OFF THE TOP
You might have heard: Yesterday Washington Post Executive Editor Marty Baron announced his intention to retire at the end of February (Washington Post)
But did you know: Many of the biggest news outlets in the U.S. are — or will be — looking for new leadership (Axios)
In addition to The Washington Post, the Los Angeles Times, Reuters, HuffPost and Wired are all looking for new editors, and soon The New York Times will be, too. TV newsrooms including NBC and Fox have also experienced recent leadership shakeups, and CNN may be looking to replace Jeff Zucker soon. “The new hires will reflect a new generation — one that’s addicted to technology, demands accountability and expects diversity to be a priority,” writes Sara Fischer. The change in news leadership — with more women, minorities and technologists coming to the fore — comes as trust in traditional media is at an all-time low in America.
+ Noted: Applications to become a Report for America corps member are due Sunday (Report for America)
Trust Tip: Build news literacy into your journalism (Trusting News)
Journalists don’t just have to put accurate information out into the world and hope their audiences recognize it as such. They can do things to help readers navigate information online, like being more transparent about their reporting process and how they verify information; clearly distinguishing between news and opinion content (especially on social media); and giving readers tips — like this or this — to decipher good information from bad information. Sign up for weekly Trust Tips here, and learn more about the Trusting News project — including how your newsroom can get free coaching — here.
+ Earlier: How to build news literacy elements into nine story types (American Press Institute)
TRY THIS AT HOME
If you cite a preprint study, tell your audience it hasn’t been peer-reviewed (Journalist’s Resource)
Since the onset of the coronavirus pandemic, there has been an explosion in related preprint studies — studies that are circulated in online medical communities before undergoing peer review. These studies are frequently cited by news outlets; however, journalists often neglect to mention that their findings are preliminary and have not yet been evaluated by independent researchers (the process of peer review). Journalists should be very clear when citing preprint studies, describing them as “articles that have not yet been through peer review,” says researcher Alice Fleerackers, and they should be more discerning about reporting on them in the first place.

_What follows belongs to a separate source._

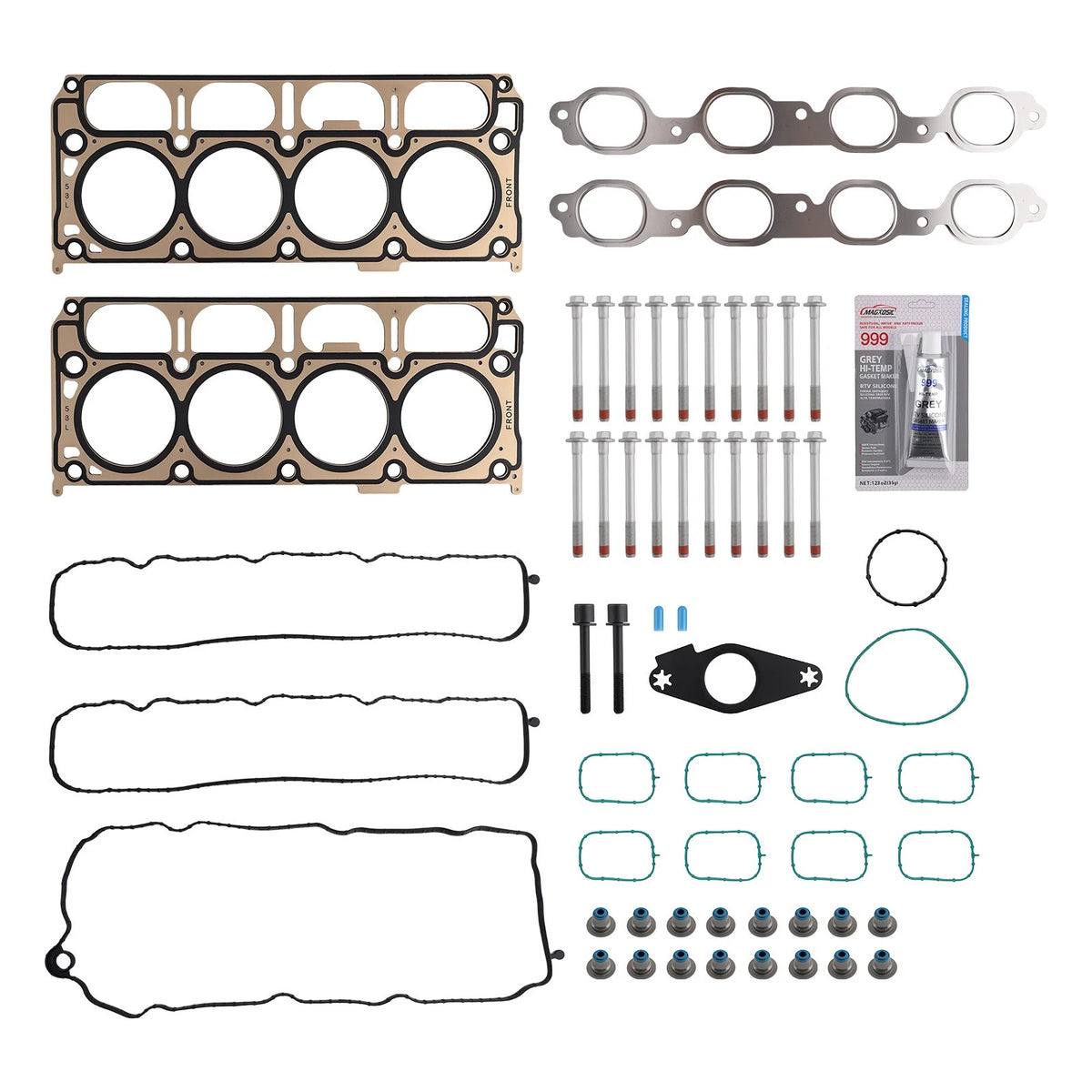 Complete Engine Rebuild Kit for Chevy Silverado/GMC Sierra 5.3L V8 (2014–2019) WHYR71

Why Denmark’s biggest news site cut reliance on Google’s tech (Digiday)
Three weeks ago, Ekstra Bladet, Denmark’s biggest news site with 500 million page views per month, said goodbye to Google Analytics in favor of a homegrown alternative called Longboat. The breakup has immediate benefits: Ekstra Bladet is now in full control of the entire data flow around its site, meaning execs can wrangle it all much easier. Plus, “Having full ownership over our data is giving us leverage with major advertisers who like the fact that we’re not reliant on another vendor when it comes to our web analytics and can offer complete transparency,” said Thomas Lue Lytzen, head of product development and insights for ad sales and tech. German publisher Axel Springer transitioned its ad tech stack from Google to AppNexus two years ago, and a senior executive said he hoped the move showed others that “there is some life and independence around Google technology.”
How a project is training incarcerated people to become journalists (Poynter)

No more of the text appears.